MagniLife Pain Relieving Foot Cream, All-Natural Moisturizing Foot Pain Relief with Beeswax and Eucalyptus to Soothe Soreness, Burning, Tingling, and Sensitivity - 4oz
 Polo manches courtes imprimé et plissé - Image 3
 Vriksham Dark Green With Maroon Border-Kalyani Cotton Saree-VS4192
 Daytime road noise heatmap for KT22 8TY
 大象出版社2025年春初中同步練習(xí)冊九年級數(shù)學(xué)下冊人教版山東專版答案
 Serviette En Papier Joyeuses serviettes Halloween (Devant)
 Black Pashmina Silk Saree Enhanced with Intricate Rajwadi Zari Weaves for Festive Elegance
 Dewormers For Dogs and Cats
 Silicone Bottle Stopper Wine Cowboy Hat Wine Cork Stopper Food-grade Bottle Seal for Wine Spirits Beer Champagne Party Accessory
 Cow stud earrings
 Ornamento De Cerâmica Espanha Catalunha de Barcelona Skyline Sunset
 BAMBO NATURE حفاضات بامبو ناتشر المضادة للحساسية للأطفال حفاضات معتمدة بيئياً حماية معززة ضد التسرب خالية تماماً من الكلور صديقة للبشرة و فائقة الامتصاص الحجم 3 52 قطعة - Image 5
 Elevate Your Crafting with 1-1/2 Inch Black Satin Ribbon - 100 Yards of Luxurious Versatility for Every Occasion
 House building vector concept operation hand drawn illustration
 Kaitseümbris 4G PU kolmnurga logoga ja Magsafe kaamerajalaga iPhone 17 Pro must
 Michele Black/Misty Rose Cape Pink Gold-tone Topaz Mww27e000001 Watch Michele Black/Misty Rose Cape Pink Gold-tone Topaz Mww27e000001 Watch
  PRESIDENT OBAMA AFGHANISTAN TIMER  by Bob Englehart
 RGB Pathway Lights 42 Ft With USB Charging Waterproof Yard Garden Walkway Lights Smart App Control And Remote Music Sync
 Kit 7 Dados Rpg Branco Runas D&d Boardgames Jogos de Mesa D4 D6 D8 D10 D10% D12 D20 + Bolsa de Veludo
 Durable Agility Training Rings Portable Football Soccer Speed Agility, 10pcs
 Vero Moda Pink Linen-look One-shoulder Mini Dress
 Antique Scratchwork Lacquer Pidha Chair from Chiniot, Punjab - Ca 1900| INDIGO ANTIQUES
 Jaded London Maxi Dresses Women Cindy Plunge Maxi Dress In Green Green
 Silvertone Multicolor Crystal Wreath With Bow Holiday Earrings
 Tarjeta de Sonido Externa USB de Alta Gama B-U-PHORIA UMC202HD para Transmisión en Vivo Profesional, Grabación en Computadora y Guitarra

--

> [What the exercise asks] Only the lines from the start of the material through the line containing "Polo manches courtes" belong in the answer, each copied exactly.

> [Answer to this exercise]
MagniLife Pain Relieving Foot Cream, All-Natural Moisturizing Foot Pain Relief with Beeswax and Eucalyptus to Soothe Soreness, Burning, Tingling, and Sensitivity - 4oz
 Polo manches courtes imprimé et plissé - Image 3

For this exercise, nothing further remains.